In the Fifth Century B.C.E. Ezra, the leader of the community of exiles who returned to the Holy Land from Babylonia, instituted the public reading of the Torah on Sabbaths, festivals and market days. This public reading meant that all could have easy access to the teachings of their sacred heritage. Dr. Max Margolis, a renowned  Judaic scholar notes in The History of Bible Translations that the practice developed to alternate each line of the Hebrew Text of the Torah, with a translation into the vernacular language of Aramaic. The task of providing this simultaneous translation was often relegated to a professional called the M’Turgaman. At first the Rabbis were against the writing down  of these translations fearing  the  translator might color the meaning of the Biblical text with his interpretation. Moreover, the Rabbis insisted on a clear distinction  between the written text of the Torah and the “Oral Torah” consisting of legal, homiletic and exegetical material. Initially, some of the Targum  texts were codified but remained for a long time the personal property of a few individuals. Eventually, as Dr. Margolis notes, perhaps due to the waning of the skills of those who memorized text coupled with the sheer of volume of material, the Rabbis relented and allowed the “oral texts” to be preserved in written form.

Today, while the Bible has been translated and interpreted into a myriad of languages, the Targum, or Aramaic translation, remains an essential tool of Biblical exegesis. Targum Onkelus, an eponymous work attributed to a well know convert of Babylonian origin is the most popular Aramaic translation of the Torah  mostly because of its fidelity to the original texts. The authorship of Targum Jonatan, the Aramaic translation of the Books of the Prophets is attributed to the Jonathan son of Uzziel, one of the followers of the great Talmudic sage, Hillel.There are other Aramaic translations that are still available, these like translations into other languages, provide a valuable tool to the Biblical scholar – not only due to the insight of the translator, but also because the translation may suggest the existence of a variant original text on which the translation was based.

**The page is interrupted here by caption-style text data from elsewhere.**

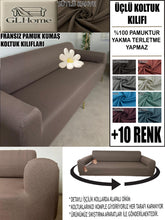 Görseli Galeri görüntüleyiciye yükleyin, %100 Pamuklu Fransız  Kumaş Sütlü Kahve 3Lü Komple Giydirme Kanepe &amp; Çekyat, Bohem, Porto, Vb. Model Koltuk Kilifi
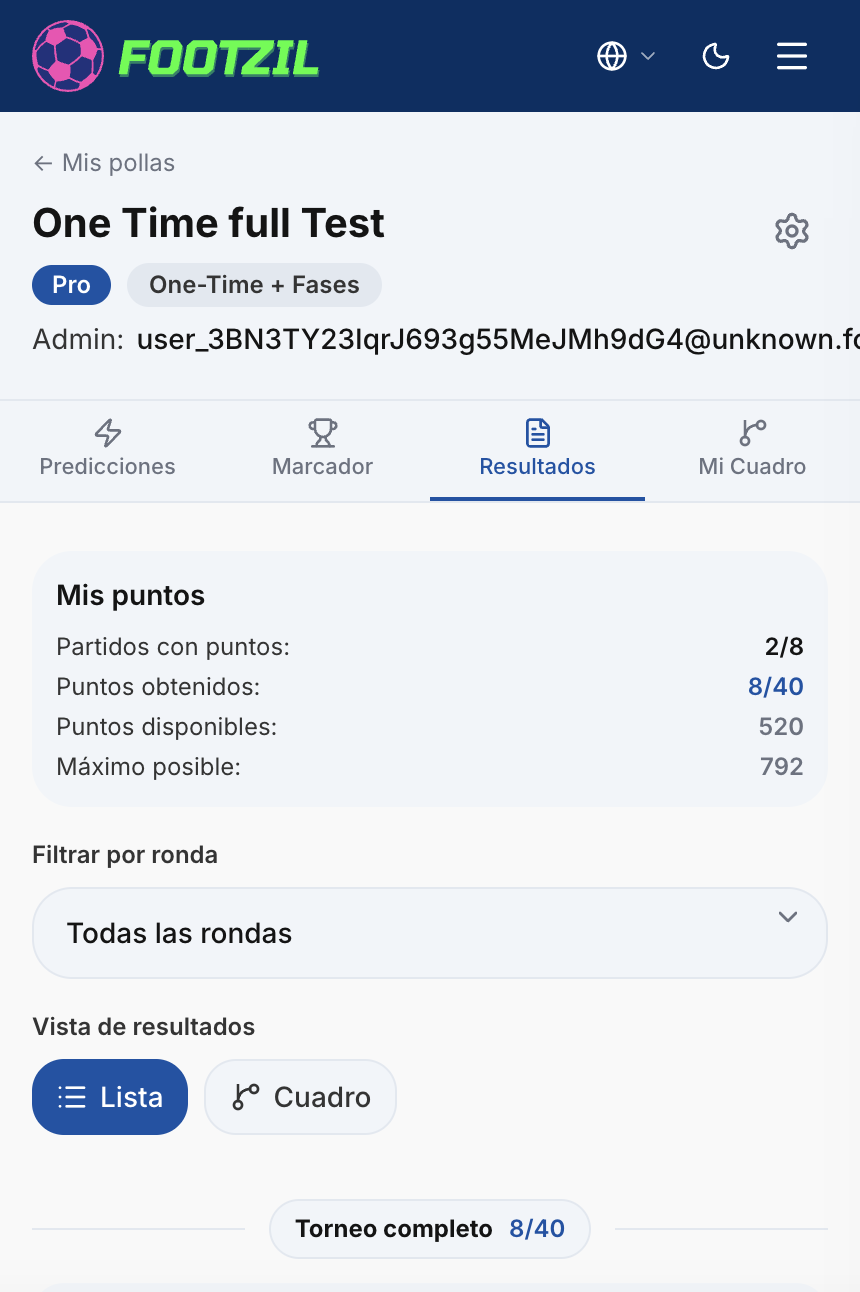 Cómo se ven los puntos de un partido en Resultados.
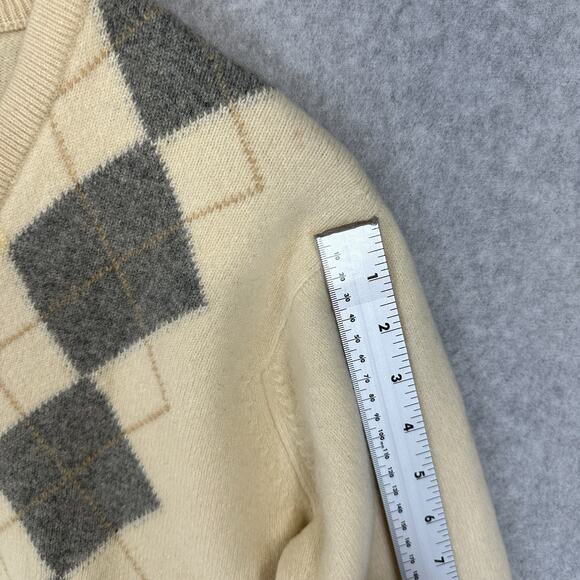 Vintage Pringle Scotland Argyle Sweater 100% Lambswool Men's Medium Cream - Picture 6 of 14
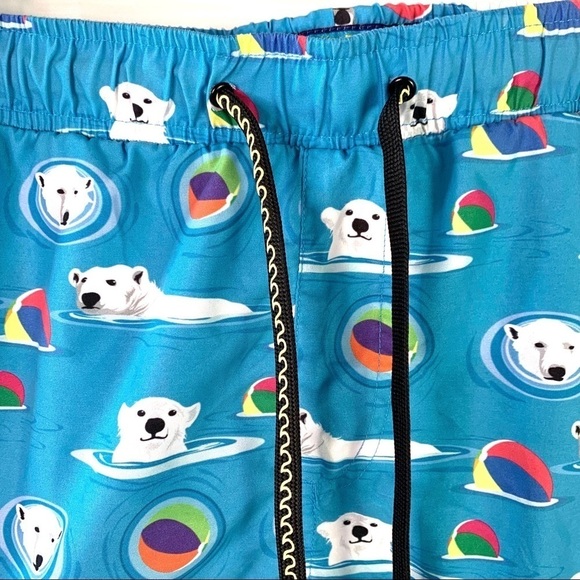 SURF SOCIETY SWIMWEAR BLUE BERMUDA MEN PRINT POLAR BEAR BERMUDA ADJUSTABLE LARGE - Picture 5 of 11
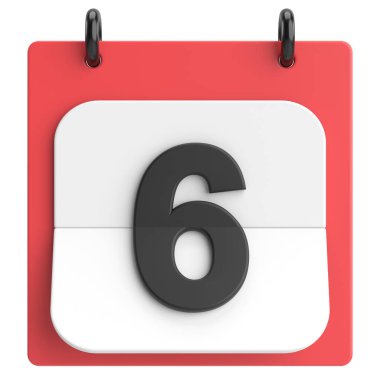 Altıncı. Ayın altıncı günü. Takvim. 3B illüstrasyon.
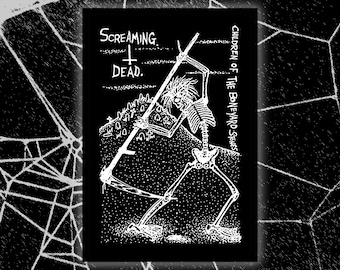 May include: Black and white illustration featuring a skeleton figure with a scythe, set against a graveyard backdrop. The text "Screaming Dead" and "Children of the Boneyard Stares" are also included. The image has a grunge aesthetic.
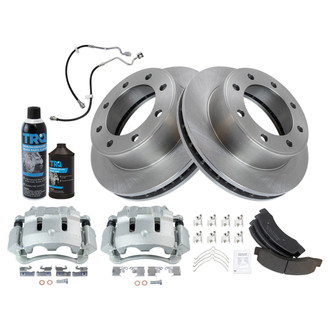 TRQ® - Performance Semi-Metallic Front Brake Kit with Calipers and Hoses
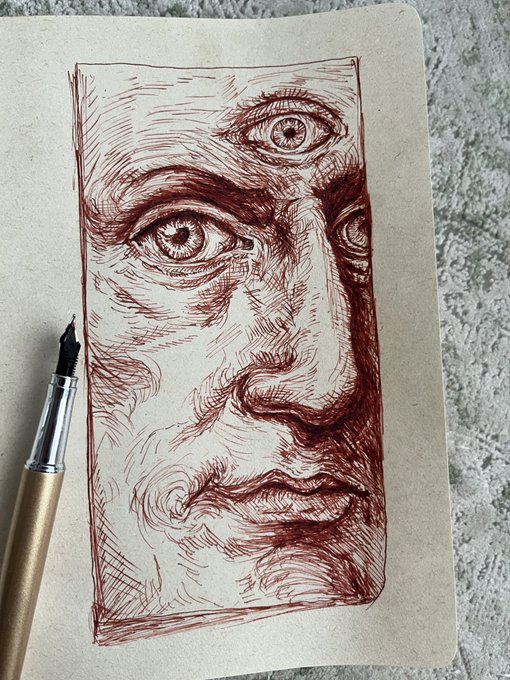 A detailed pen-and-ink drawing in reddish-brown ink on tan paper depicting a distorted face with a third eye on the forehead, accompanied by a fountain pen.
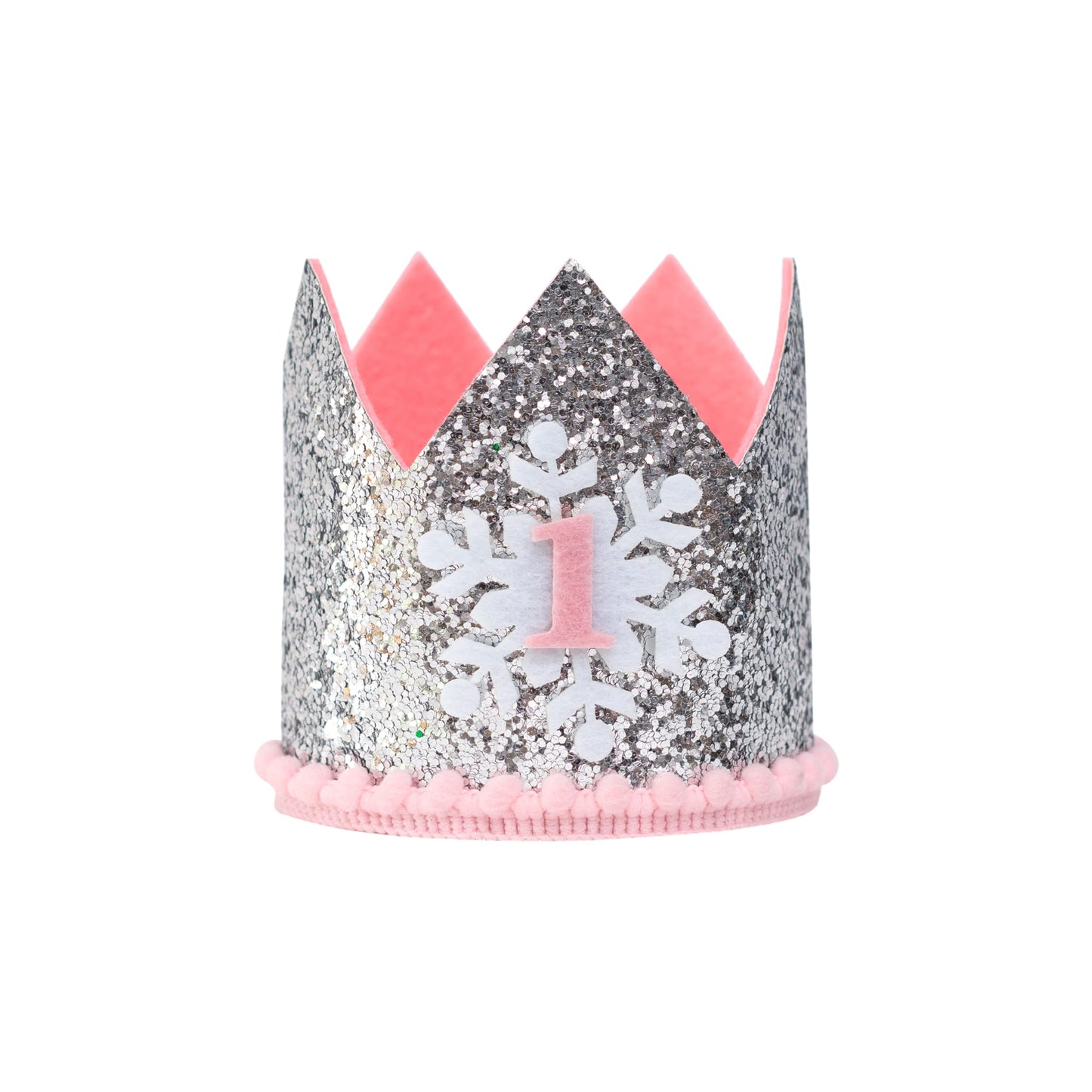MUWEOL Snowflake 1st Birthday Crown - Winter Onederland 1st Birthday Party Decorations For Baby Girls?Silver And Pink Crown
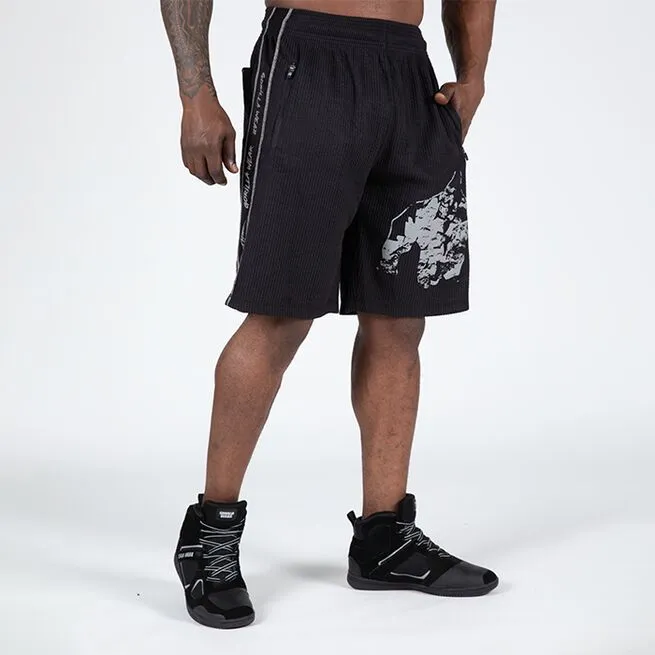 Gorilla Wear Buffalo Old School Workout Shorts, Black/Grey 1 Gorilla Wear Buffalo Old School Workout Shorts, Black/Grey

After having discussed  the importance of the Targum, we are ready,at last, for the subject of this writing,the Piyut or liturgical poem know as Yetziv Pitgam. Recited immediately following the chanting of the first verse of the Haftara of the second day of Shavuot, Yetziv Pitgam is a beautiful composition written in Aramaic, the language of the Targum. Thematically, Yetziv Pitgam is similar to Akdamut, the Aramaic panegyric performed immediately prior to the Torah reading on the first day of Shavuot; the inadequacy of human language to praise God, the beauty of creation and a plea for God’s support and salvation. Also similar to Akdamut, this poem is an acrostic of the name of its author, in this case Yaakov ben Meir Levi. There is some controversy as the identity of Yaakov Ben Meir. Ismar Elbogen, the celebrated authority on Jewish liturgy, identifies the Yaakov Ben Meir of our poem as the twelfth  century Talmudic  luminary Rabbenu Tam, a foremost scholar and arbiter of Jewish Law.  He was the grandson of the most well know of all Biblical and Rabbinic commentators, Rashi. Others such as the author of the Jewish Encyclopedia article on Rabbeinu Tam, claim that there was a different poet named Yaakov Ben Meir who was in fact the author of our poem.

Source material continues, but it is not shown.